Salt Lake 2002

オリンピック大会の舞台裏

オリンピック大会の舞台裏 開催危機を乗り越え大会の成功を支えた
「チームの結束力」

写真:ソルトレイク冬季オリンピック開会式セレモニーで、会場中央に炎で描かれた五輪マーク

21世紀初の冬季オリンピック、ソルトレイク冬季大会で、パナソニックはシドニー大会に引き続き、大型映像システムであるアストロビジョン、音響システムのRAMSA、さらに数多くの放送機器を納入。そのシステム運営を担った。冬季オリンピックの場合、降雪が始まる前に機器の設置や工事の準備を済ませておかなければならない。雪や寒さへの対策を万全にするためのテストなどを、山間部で降雪が始まる10月までに取りかかることが必要だからだ。刻々と迫るタイムリミット。しかし、思うように動き出せない理由があった。

思いも寄らぬ同時多発テロの影響

大会運営の機器を納入するサプライヤー契約が最終段階へと差し掛かった9月、あの米同時多発テロが起きたのだ。せっかく合意しかけていた契約も、危機管理に対応するために内容の見直しを迫られた。結局、最終合意に達したのは12月、日本に契約書が到着したのはクリスマスの直後だった。急ピッチで工事を進めたいパナソニック。通常よりも短い納期スケジュールに、システム担当参事の大町亮一は焦りを募らせた。

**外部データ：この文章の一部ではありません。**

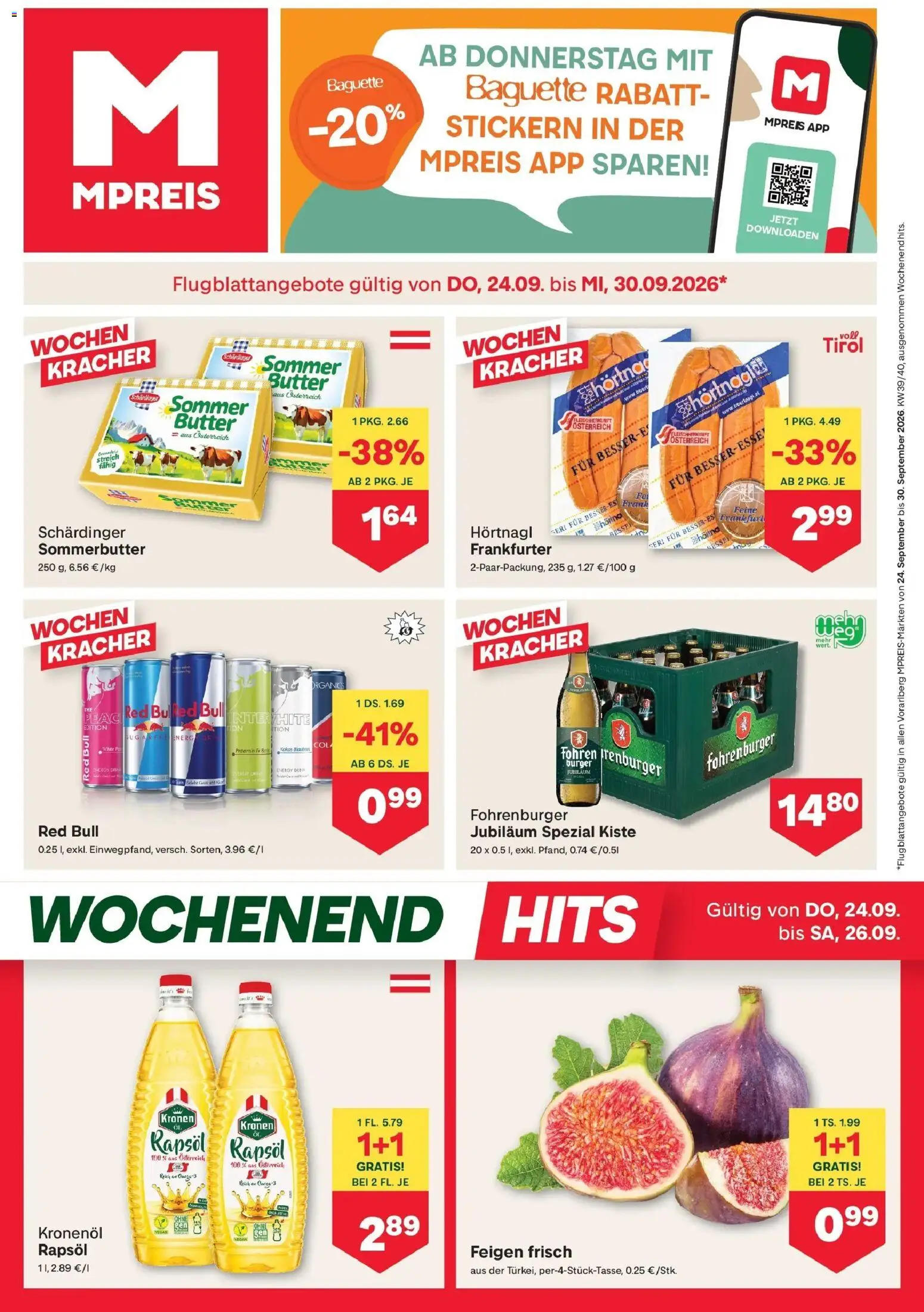 MPREIS St.Gallenkirch von 24.09.2026 - Aktuelle Angebote | Seite: 1 | Produkte: Burger, Baguette, Feigen, Butter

写真:ソルトレイク冬季オリンピック会場に設置された大型映像表示装置アストロビジョンに映し出された五輪マークとソルトレイク冬季オリンピックロゴ

「工事現場では、会場ごとに一枚一枚パスを申請し、朝6時から夜11時まで作業をする。しかも、その日のうちに作業が終わらないとパスが切れてしまう。まさに分刻みのスケジュールでした」
しかし、心強い援軍もいた。パナソニックが手を組んだ現地のパートナーは、ショービジネスの本場であるアメリカでも最大級の規模となるスポーツイベント、スーパーボウルの演出を手がけたこともあるチームだった。ビッグ・プロジェクトに慣れているスタッフとともにパナソニックは綱渡りのスケジュールを手際よくこなしていった。

写真:身分証明書を首から下げた工事現場の警備員やスタッフ

大会を華々しく締めくくった映像と音響

17日間にわたる熱戦の最後、夜空を染める花火を合図に閉会式が始まった。パナソニックの映像、音響システムのスタッフも大会を華々しく締めくくるための最後の準備を整えていた。スタジアムに設置されたパナソニックのアストロビジョンが、次回開催地イタリアのトリノ市長に手渡されたオリンピック旗を映し出すと、場内から地鳴りのような大歓声が沸き起こった。そして開会式のアトラクション“光の子”で少年が持っていた明かりが、トリノから来た10歳の少女の小さな手に。“祈り”の歌とともに聖火が静かに消えると、大会は無事に幕を閉じた。パナソニックのスタッフは誰からともなく、固く握手を交わし成功の喜びを噛みしめた。